As for Clinton being a moderate, she absolutely is. Her biggest detractors among liberals are those who feel she's too much of a centrist, and won't do enough to help progressive liberal agendas. And among liberals, she's pretty much the single person most likely to be willing to work with and seek compromises with the conservative elements of the government, in large part because she's a diplomat and she understands that more good gets done when you give people a reason to work with you, rather than against you.

She couldn't really be much more of a moderate without running the risk of ceasing to be a liberal, and instead becoming some sort of independent, or even slipping into being a centrist conversative. She's definitely a liberal, but she could be a hell of a lot more of one in the eyes of many in the democratic party.

pithom said...

"How is her position of not changing things any different than that of someone like George W. Bush or Ronald Reagan?"

-Bush and Reagan didn't say they'd fight state abortion laws. Clinton does. They did appoint anti-abortion Catholic justices. Clinton will appoint pro-abortion race-baiting Catholic (or Jewish) justices like Sotomayor.

Again, Kerry, Obama, and Clinton had basically the same Senate voting records. They are "moderate" as Democrats, but are by no means the same as Collins/Manchin 2016!

Again, you seem to live in a left-wing media bubble. I read everyone from Communists to Nazis and from Libertarians to SJWs.

"Again, how is Clinton any different than anyone else?"

-Really? How Clinton is different from Cruz? Regarding amnesty? I'm sure you don't need to look it up.

"What universe do you inhabit where being voted into office is tantamount to dynastic inheritance?"

-Sure, procedurally, Clinton won by being the Black candidate. But the Dem establishment was behind her from the beginning, just as it was behind Bush 2000 from the beginning. She (this year) is exactly the kind of candidate "The Party Decides" was written to describe.

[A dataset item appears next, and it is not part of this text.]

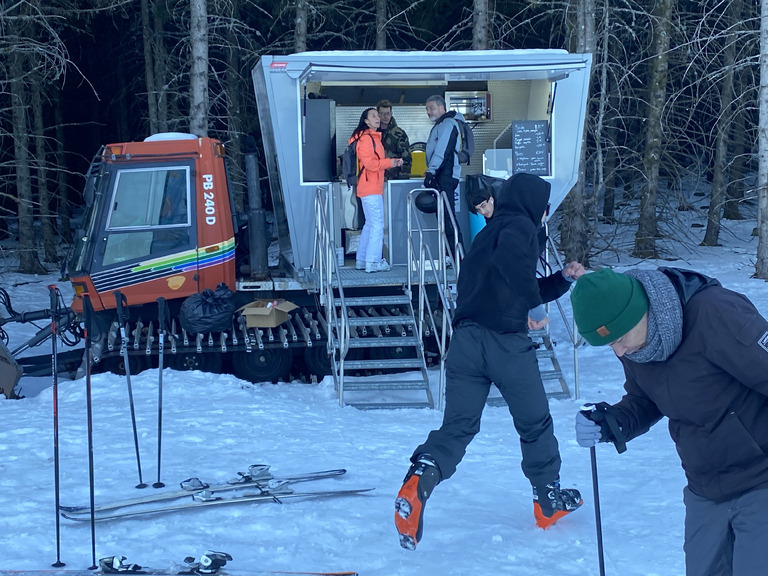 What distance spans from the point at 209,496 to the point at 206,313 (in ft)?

"Or some of our nation's earliest presidents like the Adamses?"

-There's a reason that after one term of each of them, they were both voted out of office with 60%+ of the popular vote, to be replaced by genuine friends of the people Jefferson and Jackson.

"Or the Kennedies? Or the Roosevelts?"

-Both popular, both terrible for liberty.

If I wanted to live in a country based on political dynasties and an ancient female head of state, I'd move to England.

"Do you honestly think they somehow won public elections purely because of their familial ties?"

-As Jeb! discovered, a modicum of popular support is required to win elections. But do you seriously think membership in a political dynasty has less impact on what a candidate does in office than his sex? Family ties matter hugely. Just look around you.

"she's pretty much the single person most likely to be willing to work with and seek compromises with the conservative elements of the government"

-Obama had the same voting record while in the Senate. How much was he willing to work with Congress?

"She couldn't really be much more of a moderate without running the risk of ceasing to be a liberal"

-John Edwards? Or, even more conservative, Bill Nelson?

Come on. There are plenty of reasons women who supported Rick Santorum oppose everything Hillary stands for.